CTFL – Syllabus v3.1 – 1. Fundamentals of Testing – Part 2/6

1.1 What is Testing?

Software systems are an integral part of life, from business applications (e.g., banking) to consumer products (e.g., cars). Most people have had an experience with software that did not work as expected.

Software that does not work correctly can lead to many problems, including loss of money, time, or business reputation, and even injury or death. Software testing is a way to assess the quality of the software and to reduce the risk of software failure in operation.

A common misperception of testing is that it only consists of running tests, i.e., executing the software and checking the results. As described in section 1.4, software testing is a process which includes many different activities; test execution (including checking of results) is only one of these activities. The test process also includes activities such as test planning, analyzing, designing, and implementing tests, reporting test progress and results, and evaluating the quality of a test object.

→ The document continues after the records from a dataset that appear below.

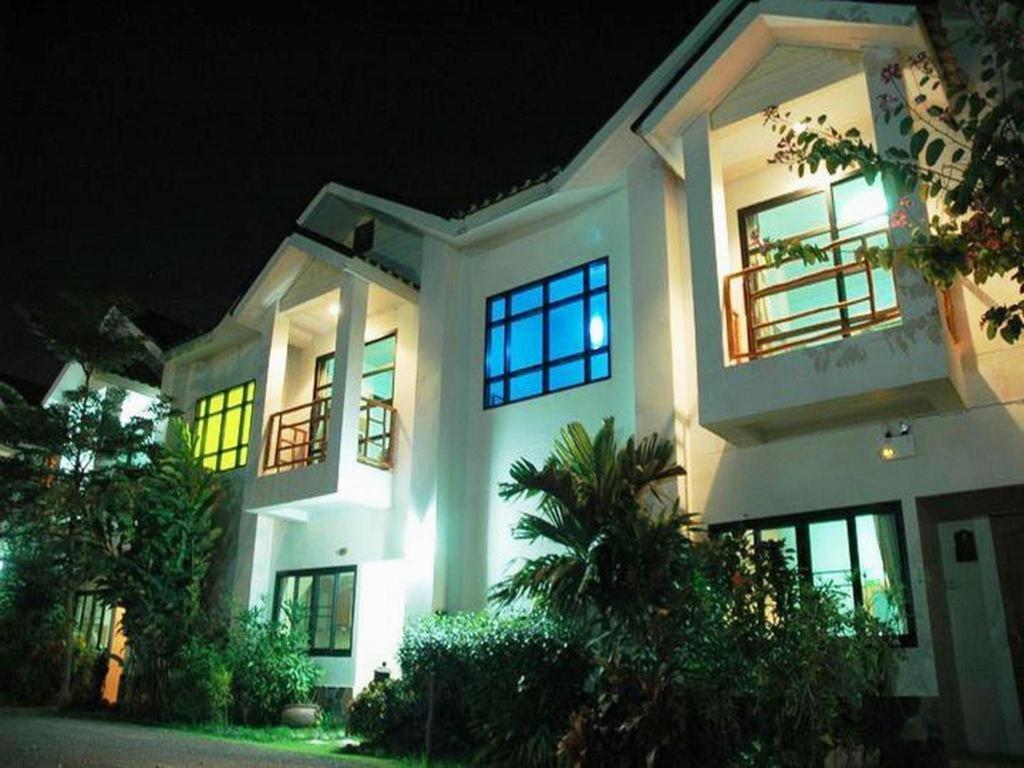 Chayada Garden House And Resort Hotel Nakhon Ratchasima Extérieur photo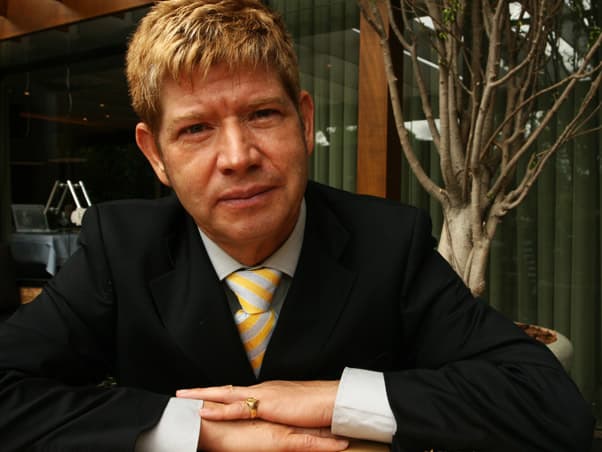 Roberto Leal quebra silêncio e fala sobre dura luta contra o câncer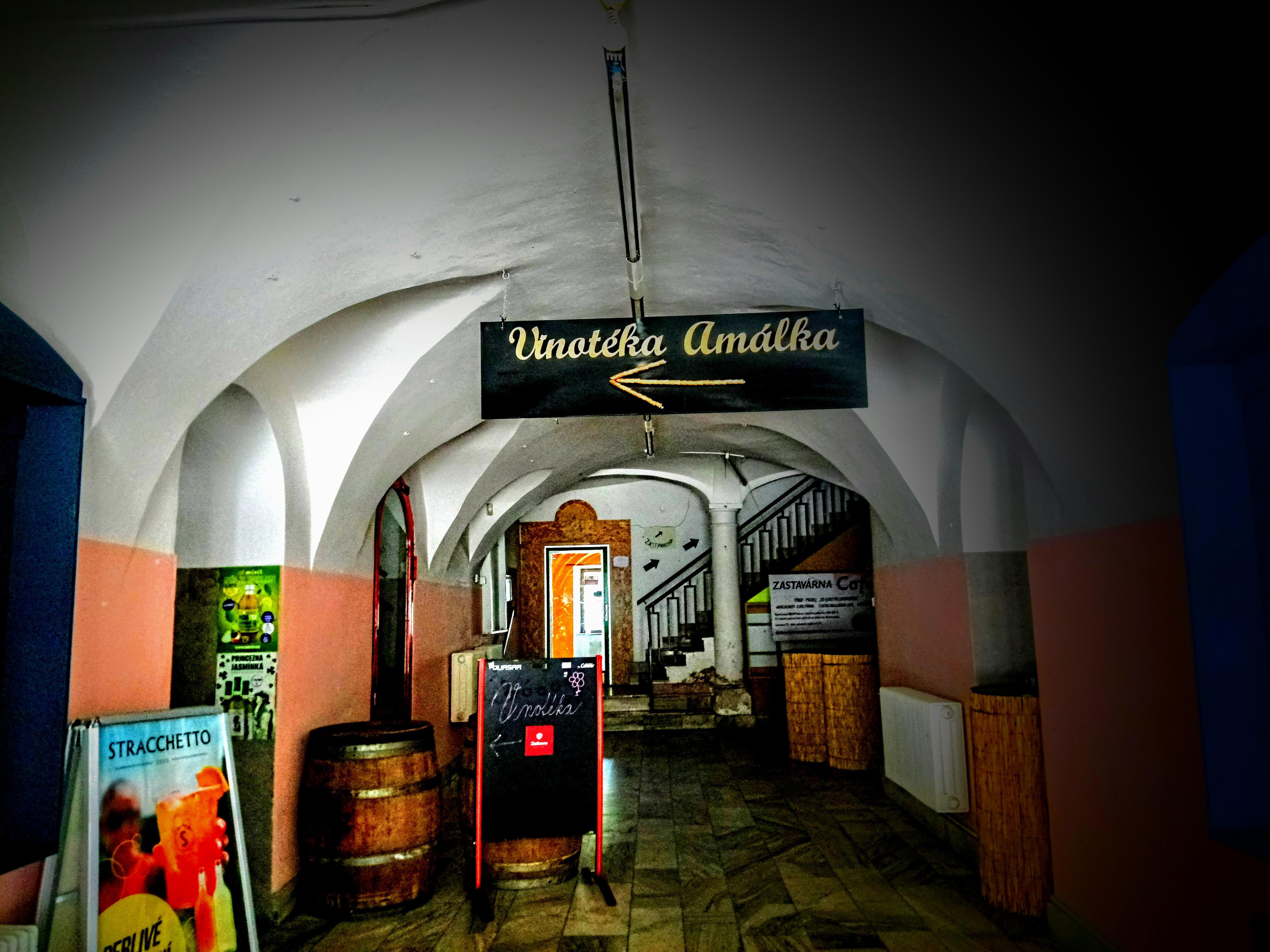 Vinotéka Amálka foto 2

Some testing does involve the execution of the component or system being tested; such testing is called dynamic testing. Other testing does not involve the execution of the component or system being tested; such testing is called static testing. So, testing also includes reviewing work products such as requirements, user stories, and source code.

Another common misperception of testing is that it focuses entirely on verification of requirements, user stories, or other specifications. While testing does involve checking whether the system meets specified requirements, it also involves validation, which is checking whether the system will meet user and other stakeholder needs in its operational environment(s).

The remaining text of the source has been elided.